Image-text web data
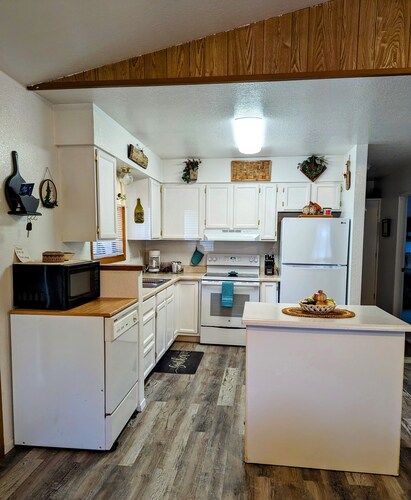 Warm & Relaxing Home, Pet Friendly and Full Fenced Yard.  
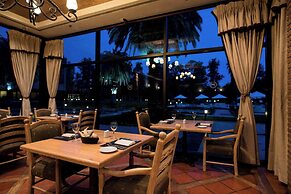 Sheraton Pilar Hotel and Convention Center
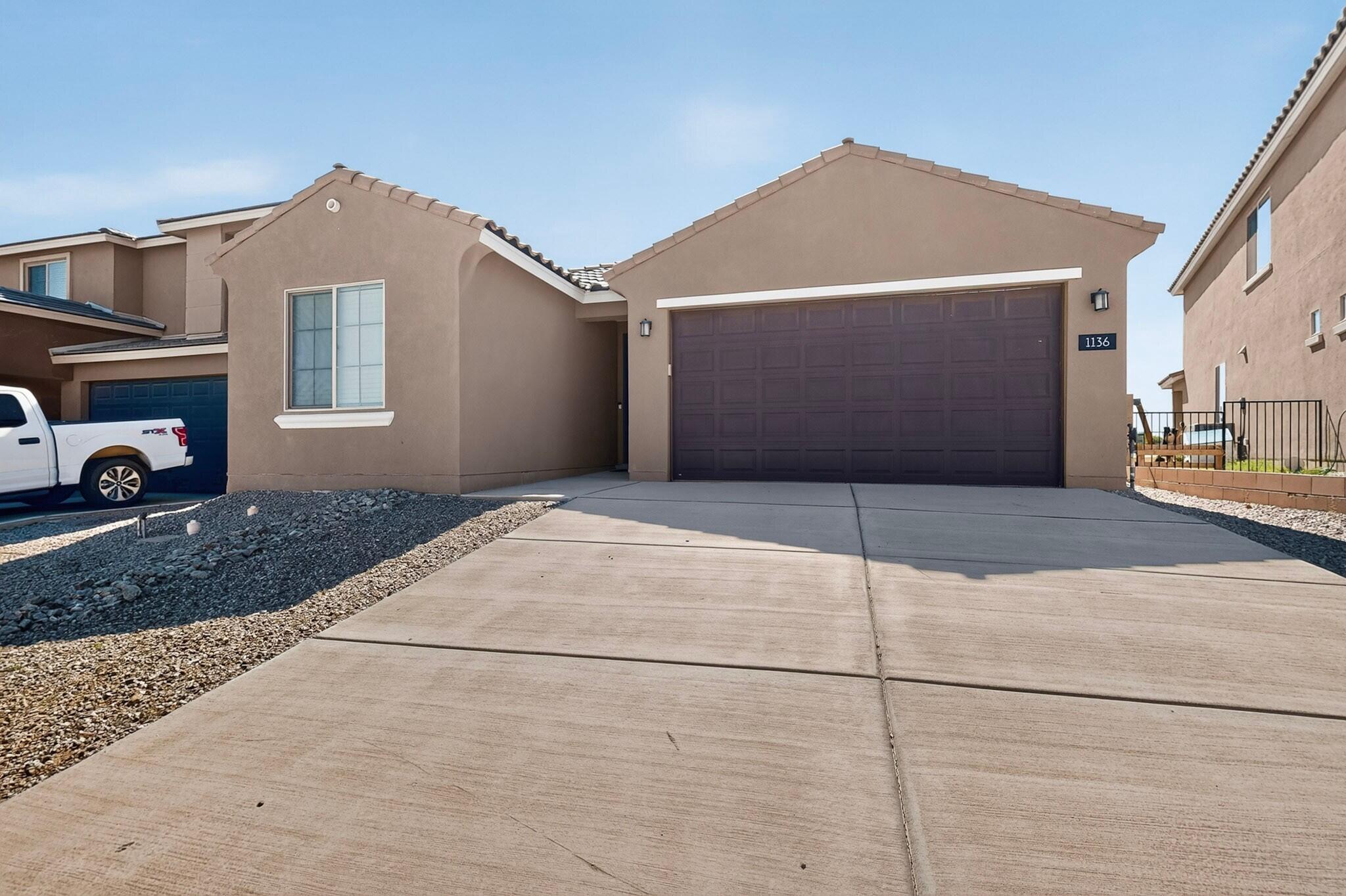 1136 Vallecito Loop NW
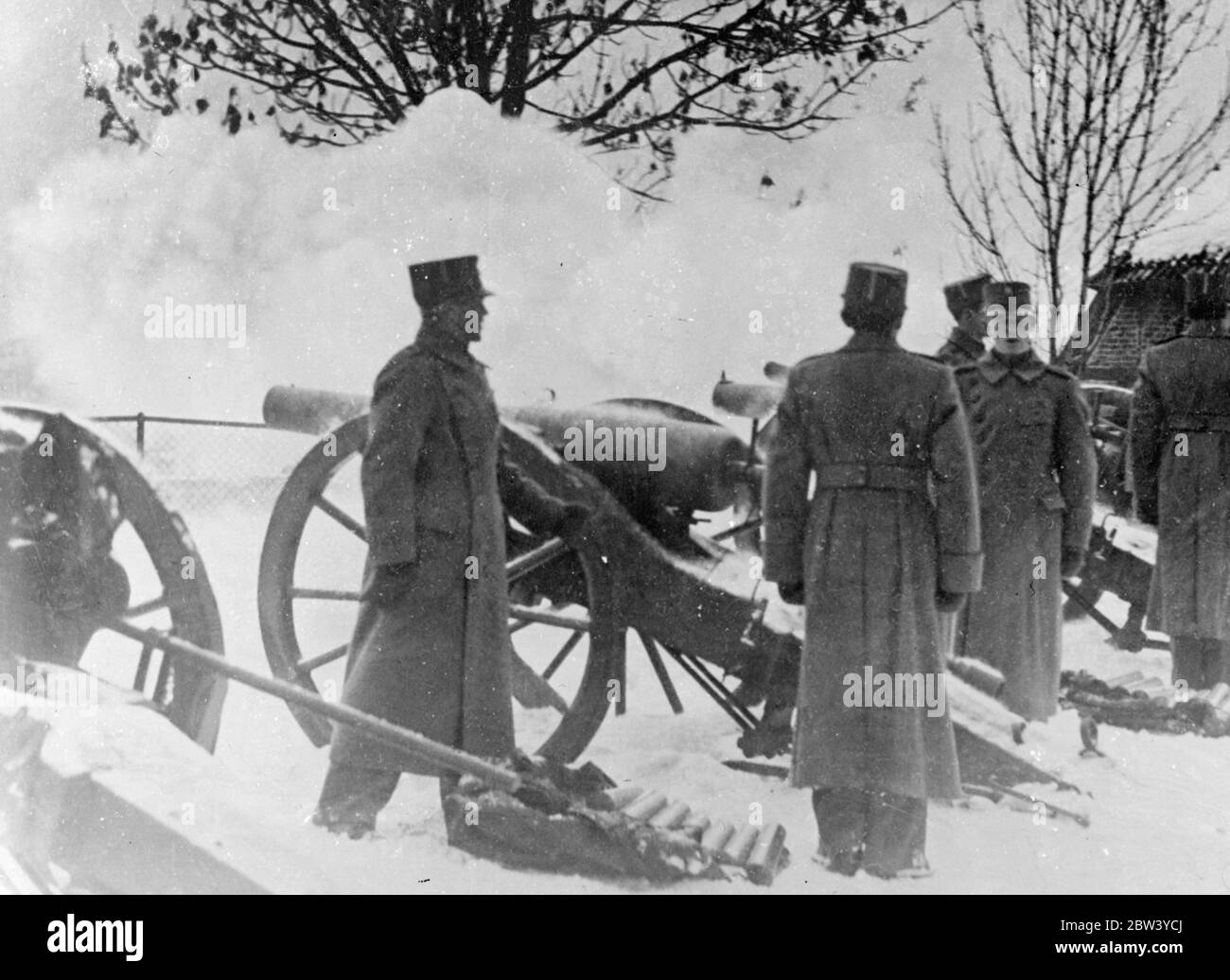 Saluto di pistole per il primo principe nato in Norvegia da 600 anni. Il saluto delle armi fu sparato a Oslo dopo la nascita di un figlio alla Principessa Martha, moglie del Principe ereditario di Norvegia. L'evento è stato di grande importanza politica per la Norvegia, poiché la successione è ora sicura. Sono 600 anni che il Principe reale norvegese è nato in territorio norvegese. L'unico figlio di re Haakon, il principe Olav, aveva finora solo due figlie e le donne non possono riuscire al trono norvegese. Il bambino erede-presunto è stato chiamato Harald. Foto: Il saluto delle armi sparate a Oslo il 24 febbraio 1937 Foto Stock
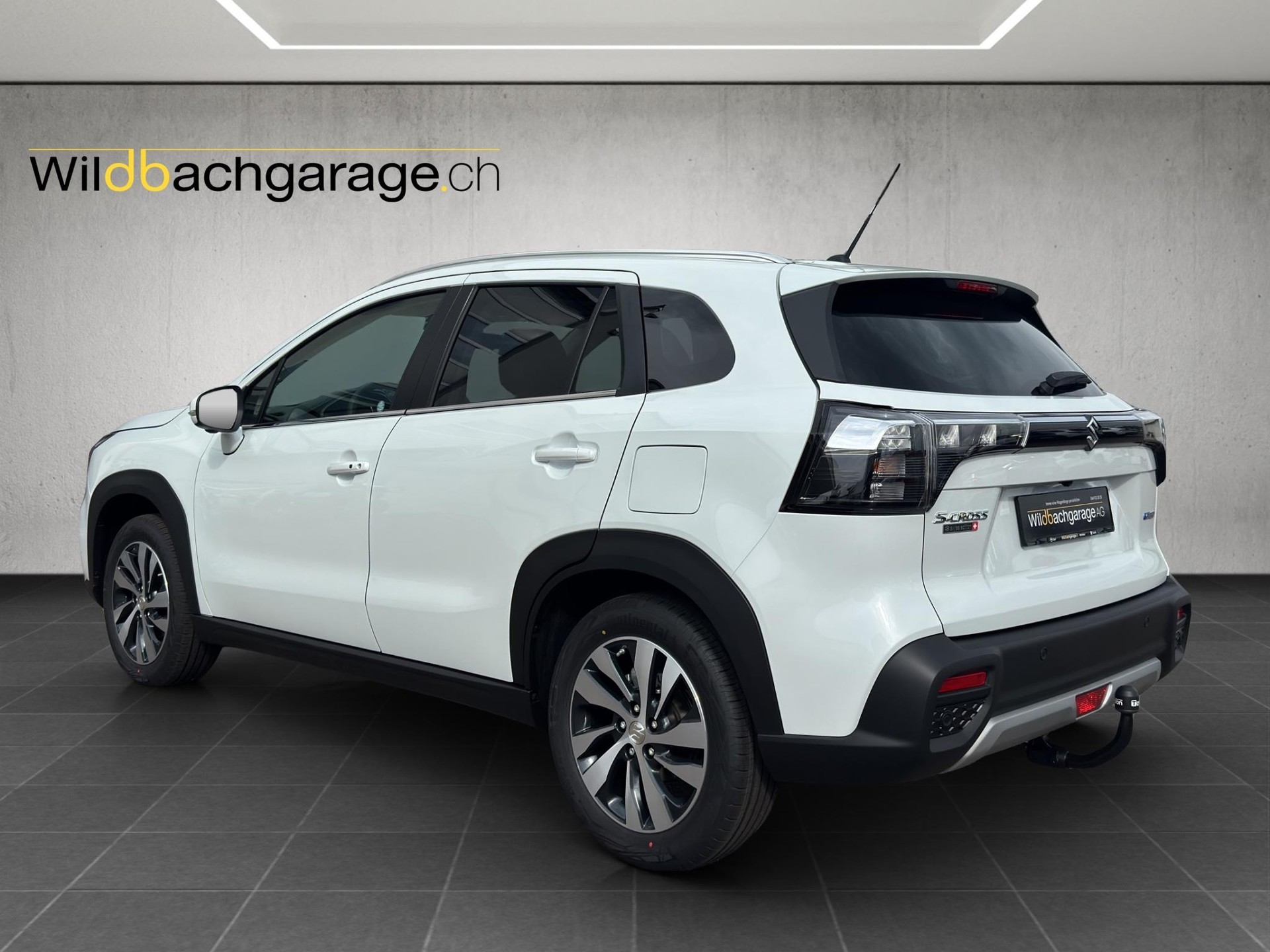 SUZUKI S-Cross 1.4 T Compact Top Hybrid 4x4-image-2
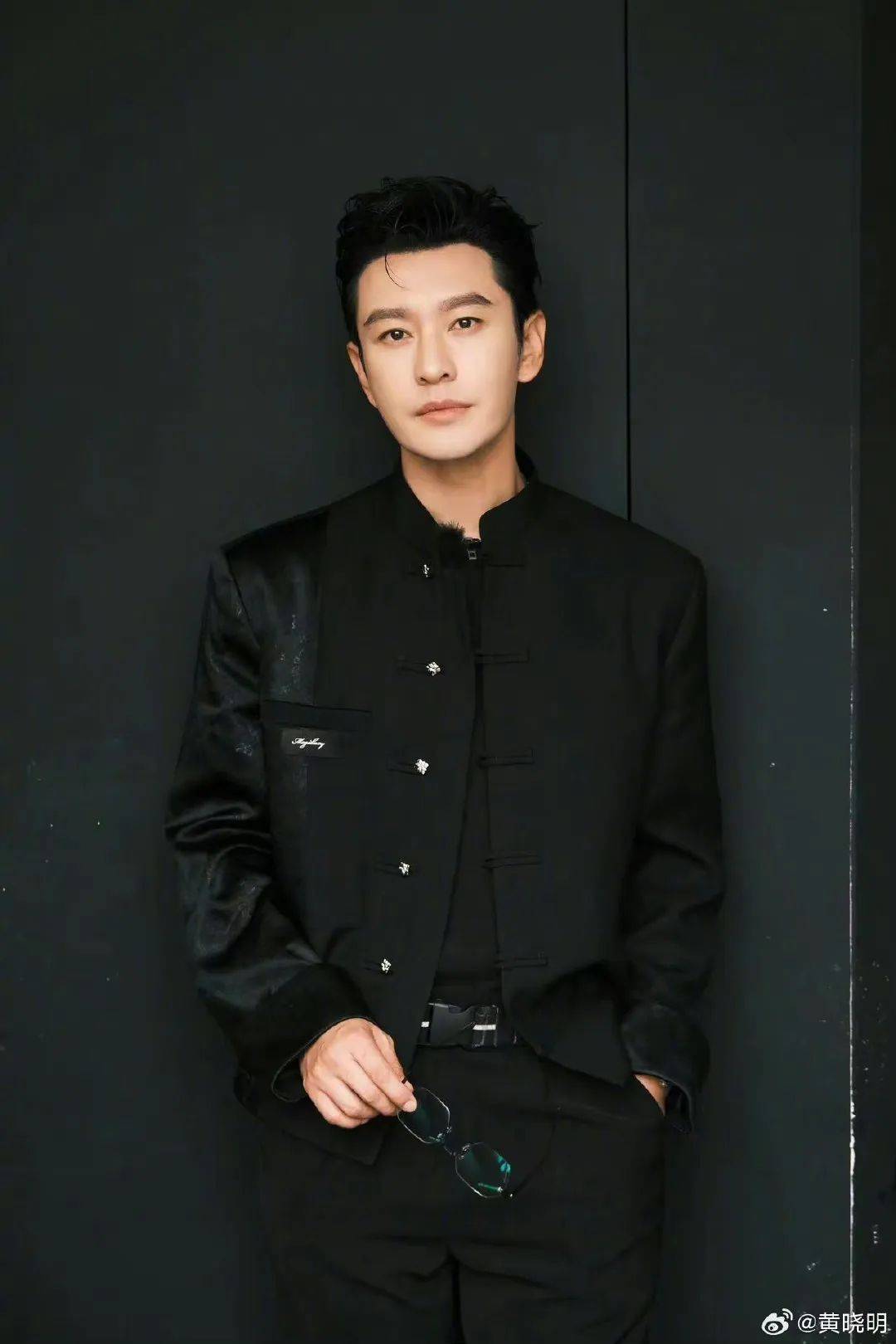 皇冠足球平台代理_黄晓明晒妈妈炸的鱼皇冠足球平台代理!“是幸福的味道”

▶ PROBLEM DESCRIPTION: Could you set down, exactly as written, every line from the start of the records above through the line containing "1136 Vallecito Loop NW", leaving the pictures out?

▶ TASK SOLUTION:
 Warm & Relaxing Home, Pet Friendly and Full Fenced Yard.  
 Sheraton Pilar Hotel and Convention Center
 1136 Vallecito Loop NW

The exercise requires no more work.